##### SUPPLIED DATA
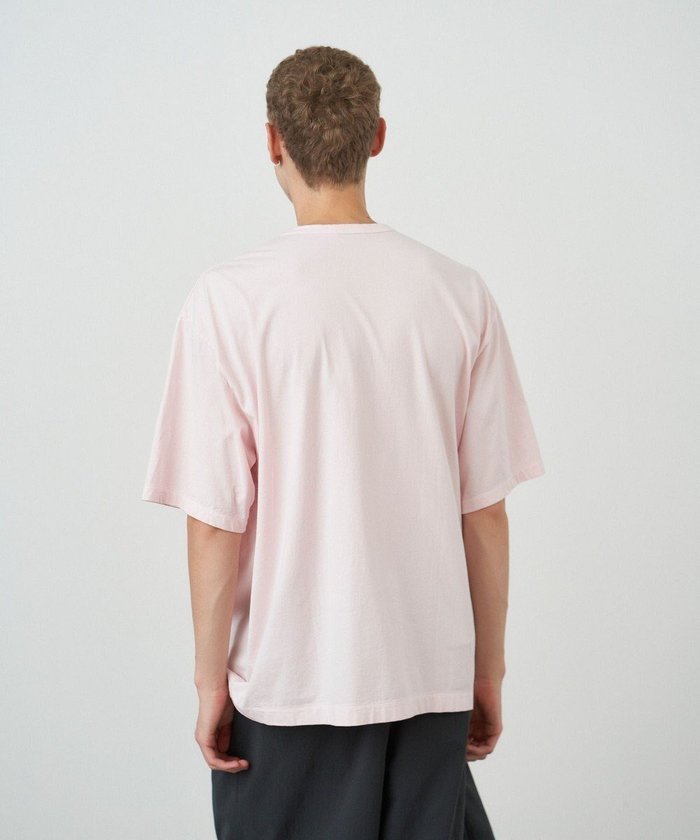 【エイトン/ATON】のNATURAL DYED NUBUCK クルーネックTシャツ - UNISEX インテリア・キッズ・メンズ・レディースファッション・服の通販 founy(ファニー) https://founy.com/ ファッション Fashion レディースファッション WOMEN トップス・カットソー Tops/Tshirt シャツ/ブラウス Shirts/Blouses ロング / Tシャツ T-Shirts カットソー Cut and Sewn インド India オーガニック Organic 春 Spring カットソー Cut And Sew タンブラー Tumbler 定番 Standard ボックス Box ユニセックス Unisex S/S・春夏 Ss・Spring/Summer 夏 Summer |ID: prp329100004100648 ipo3291000000027836959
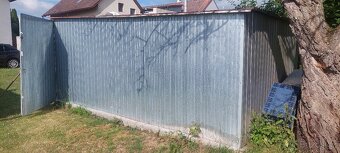 Plechová garáž Konstal 5x3 m - 14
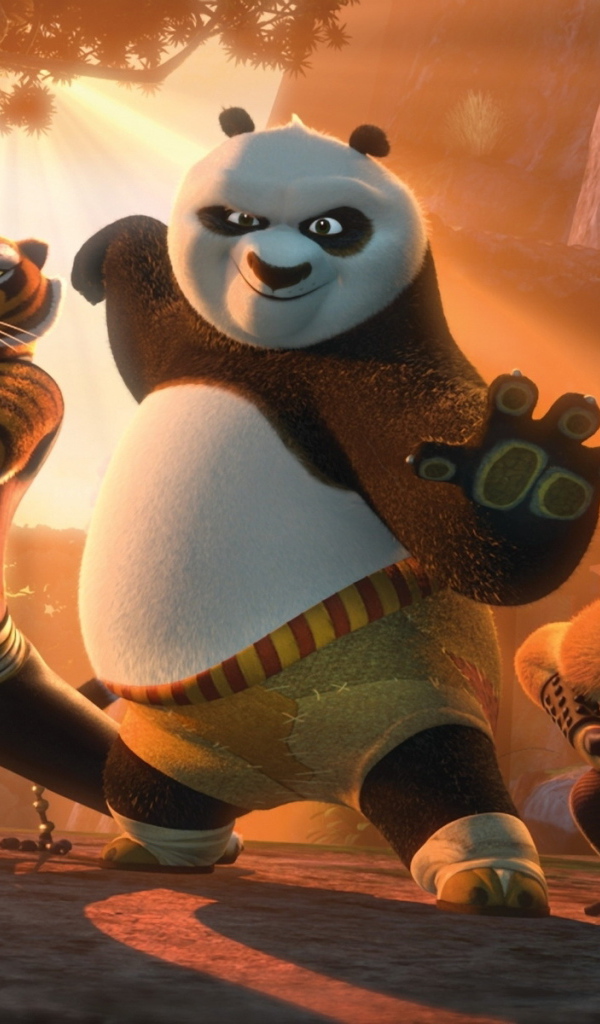 Кунг-фу Панда 2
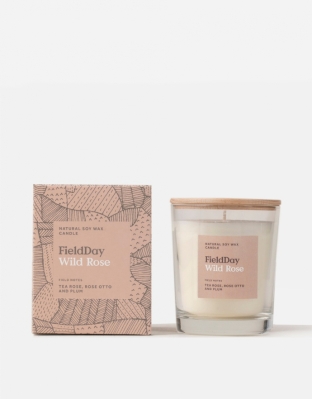 Field Day Wild Rose Candle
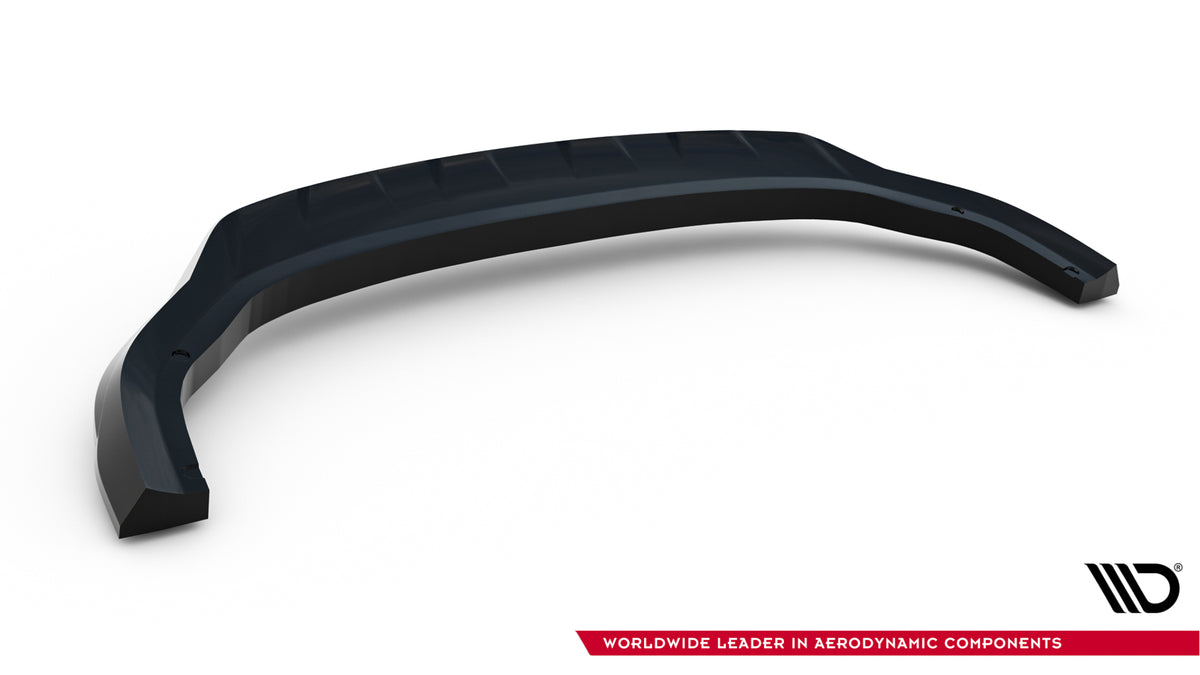 Street+ Spoilerlippe Front Ansatz passend für MG HS Mk2 schwarz Hochglanz – Ansicht 6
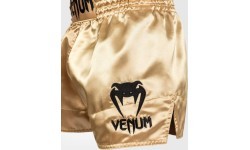 Venum Classic Muay Thai šorti, zelta/melni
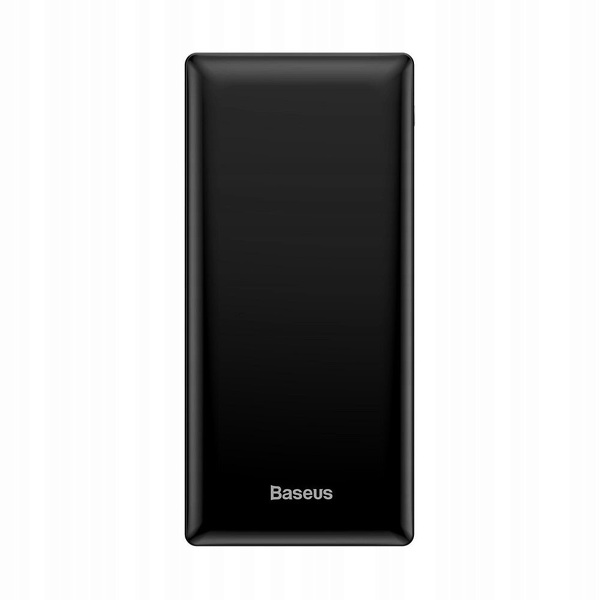 Zdjęcie produktu: Powerbank Baseus Mini JA, 30000 mAh, 2x USB, 3A, PD, 15W - czarny (PPJAN-C01)
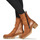 Schuhe Damen Low Boots Hispanitas INGRID Braun,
##########
[TASK TO COMPLETE]: Print all the lines above exactly as they are, but without the pictures.

[TASK SOLUTION]:
 【エイトン/ATON】のNATURAL DYED NUBUCK クルーネックTシャツ - UNISEX インテリア・キッズ・メンズ・レディースファッション・服の通販 founy(ファニー) https://founy.com/ ファッション Fashion レディースファッション WOMEN トップス・カットソー Tops/Tshirt シャツ/ブラウス Shirts/Blouses ロング / Tシャツ T-Shirts カットソー Cut and Sewn インド India オーガニック Organic 春 Spring カットソー Cut And Sew タンブラー Tumbler 定番 Standard ボックス Box ユニセックス Unisex S/S・春夏 Ss・Spring/Summer 夏 Summer |ID: prp329100004100648 ipo3291000000027836959
 Plechová garáž Konstal 5x3 m - 14
 Кунг-фу Панда 2
 Field Day Wild Rose Candle
 Street+ Spoilerlippe Front Ansatz passend für MG HS Mk2 schwarz Hochglanz – Ansicht 6
 Venum Classic Muay Thai šorti, zelta/melni
 Zdjęcie produktu: Powerbank Baseus Mini JA, 30000 mAh, 2x USB, 3A, PD, 15W - czarny (PPJAN-C01)
 Schuhe Damen Low Boots Hispanitas INGRID Braun,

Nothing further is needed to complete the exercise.